Big Four banks quizzed on cull
MPs grill execs on branch closures
BOSSES of Britain’s Big Four banks yesterday sought to defend a mass branch cull.
Executives from Barclays, HSBC, Lloyds Banking Group and NatWest Group were grilled by MPs ahead of another wave of closures.
Consumer group Which? says banks and building societies have shut – or are scheduled to shut – 5469 branches since January 2015, at a rate of around 54 each month.
Speaking to the treasury committee, Ian Stuart, chief exec of HSBC UK, insisted the bank was “absolutely committed to a physical footprint in the UK”.

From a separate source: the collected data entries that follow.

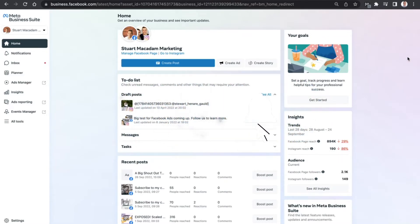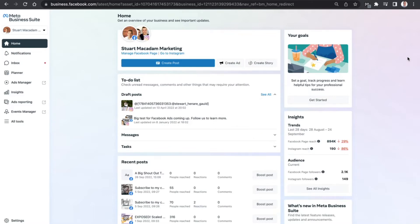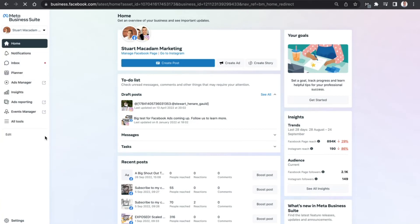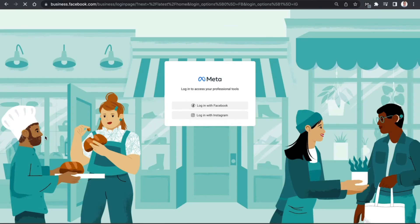So to log out directly of the Meta Business Suite without having to go back to your Facebook profile page, we need to navigate over to the left-hand section underneath the Meta Business Suite icon. We need to click the drop-down menu here and that will then show us the business accounts but also the opportunity to log out. We just click on that and wait a few seconds and boom, you've successfully been logged out of the Meta Business Suite.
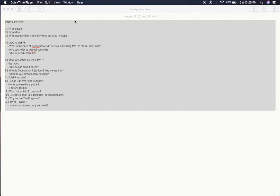Hello guys, in the interview experience series, today we're going to see interview questions for Infosys. This interview experience is for one to three years of experience, and today we're going to see what type of questions are being asked related to .NET.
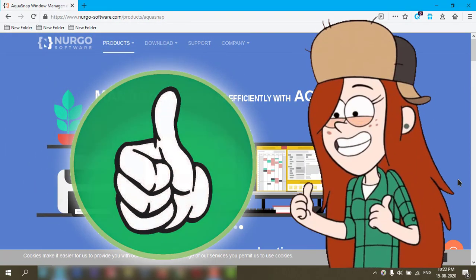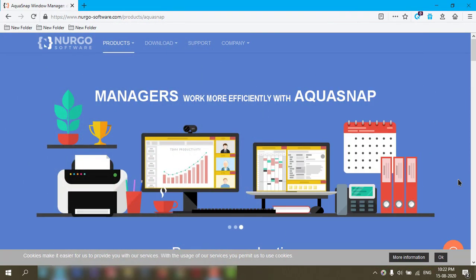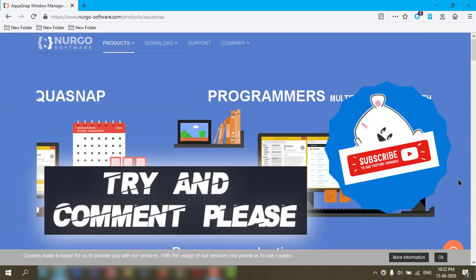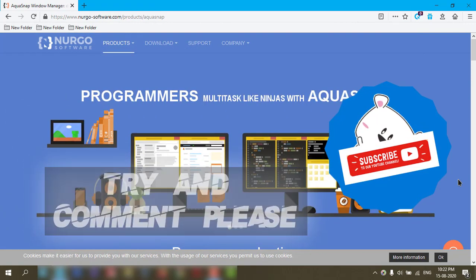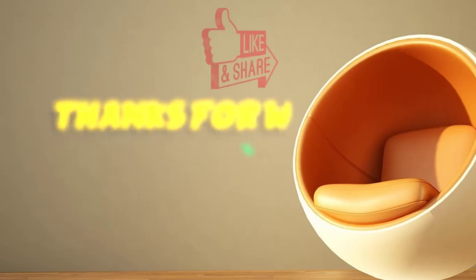If you liked it, give a thumbs up to my video, comment, and subscribe please. Thanks for watching.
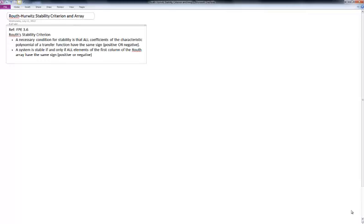In this video we're going to look at the Routh-Hurwitz stability criterion and array, and we'll reference FPE section 3.6.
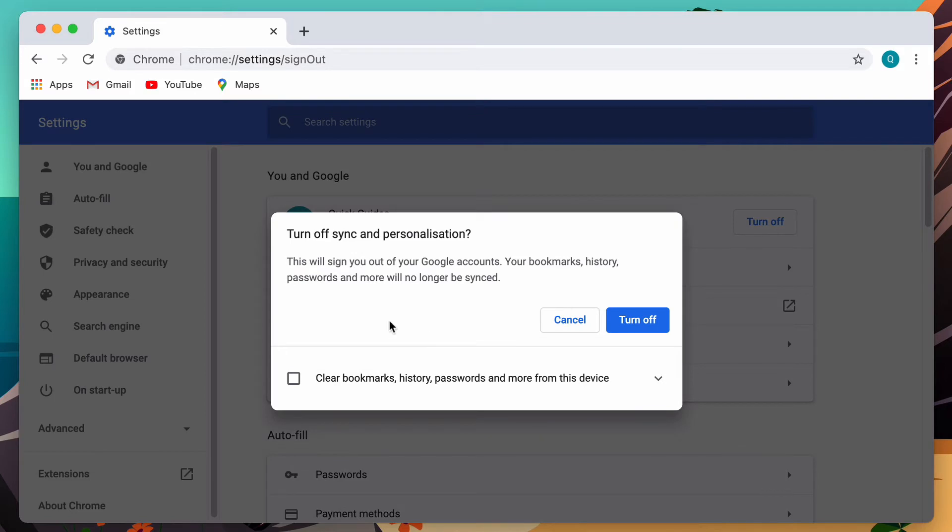It gives you this alert. And if you want to clear your bookmarks, history, and passwords from this device, then you need to check this.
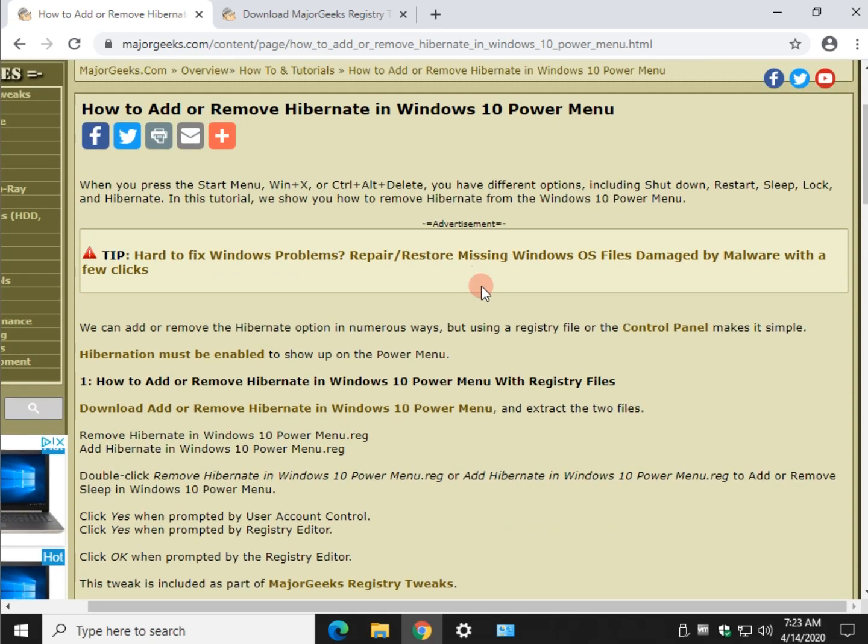There you have it guys. That is how you add or remove hibernate, sleep or lock. Thanks for watching as always. Bottom right corner. Subscribe. See ya.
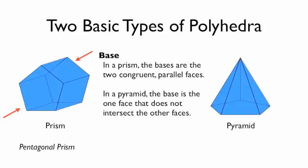In a pyramid, the base is the one face that doesn't intersect any of the other faces. And so in this case, it's that pentagon on the bottom, and so here I have a pentagonal pyramid.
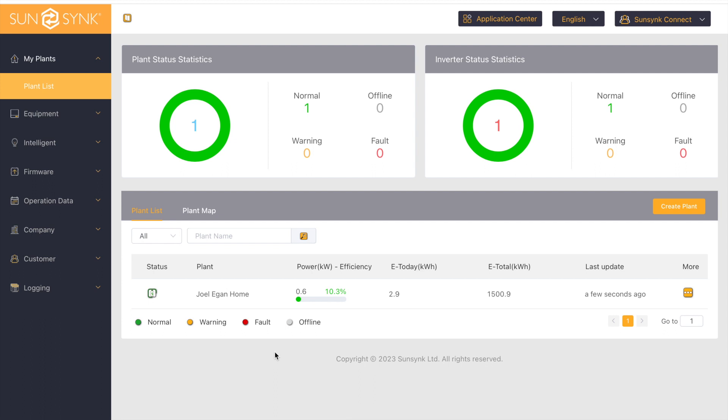Here we're going to look at how to charge and discharge the battery to or from the grid using the Octopus Agile feature.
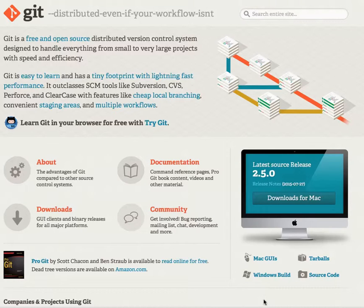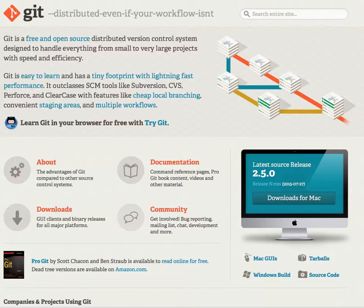Hi there, good day wherever this video reaches you. This video is titled 'What is Git,' but here's the secret — I'm not going to tell you in this video. The reason why is because if I try to sit down and explain all the features of Git, how it compares to other version control systems, or what it can help you do, you will be bored.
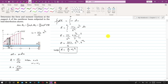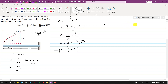Now we need to find the moment of this force about point A. Since this force acts over the length from 0 to b, we cannot directly use the resultant R and find the centroid of the area to determine the moment. Instead, we will find the moment using the integration method.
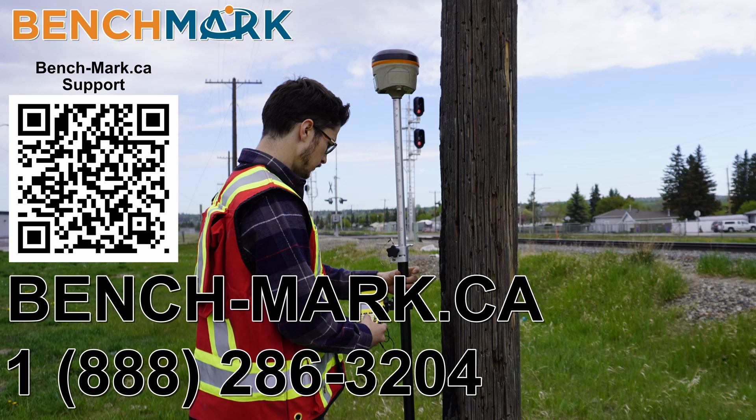And if you have any questions about anything you've seen in today's video or any questions about anything you've seen on this YouTube channel please give us a call at 1-888-286-3204 or visit us on the web at bench-mark.ca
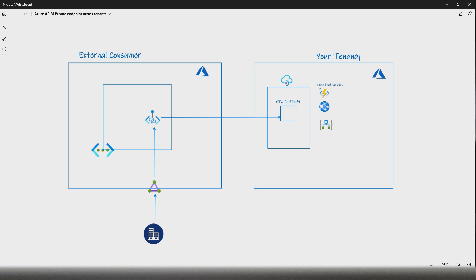Let's look at another scenario. Say you have backend services exposed via an API Management gateway and you want to provide access to this API Management gateway to an external consumer. To secure this, you can create a private endpoint for this API Management gateway and place that private endpoint inside the virtual network of your external consumer. The private endpoints can be reachable within the same network, within regionally peered networks, globally peered networks, and also across tenants.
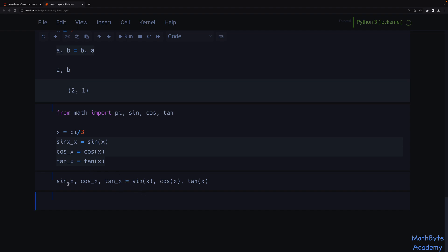But we don't need simultaneous state update here — this has nothing to do with it. It's basically just avoiding writing three equal signs. Writing three separate assignments is much clearer. The tuple unpacking isn't there for you to define multiple variables on one line; that's not what it's for.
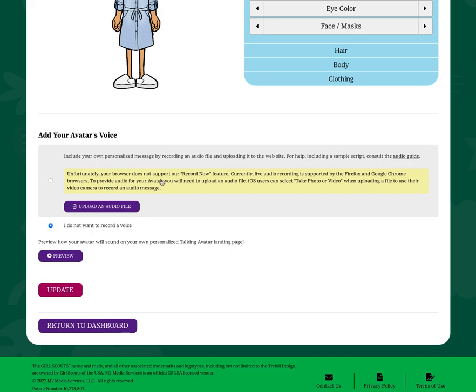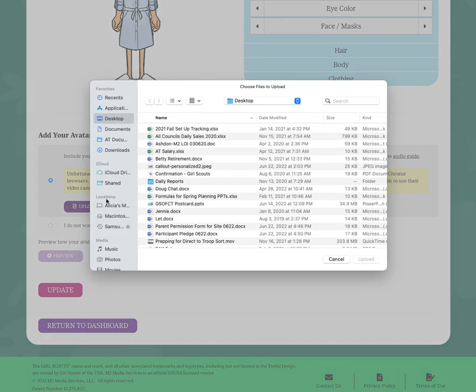Most browsers have the feature enabled where you could directly record. If your browser does not, you can simply upload an audio file.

He told the hearing: “We think it’s important, but we have to get it scaled properly for the long term.”
It comes two months after HSBC revealed plans to close a further 114 branches in the UK – more than a quarter of its network.
Dame Alison Rose, chief executive of NatWest Group, said: “We’re seeing significant shifts in customer behaviour, but we recognise we need to look after all of our customers and make sure that we support particularly vulnerable customers.”
Which? says the group will have closed 1257 branches by the end of 2023 – more than any other.
Lloyds Banking Group boss Charlie Nunn said: “We remain very committed to our branch network”, despite Which? claiming it’s shut 925 branches since 2015.
Execs were also asked if banks rely on customer inertia over moving accounts.
Matt Hammerstein, Barclays’ UK boss, insisted: “I don’t think that’s in any way representative of the way we design products or the way we engage customers.”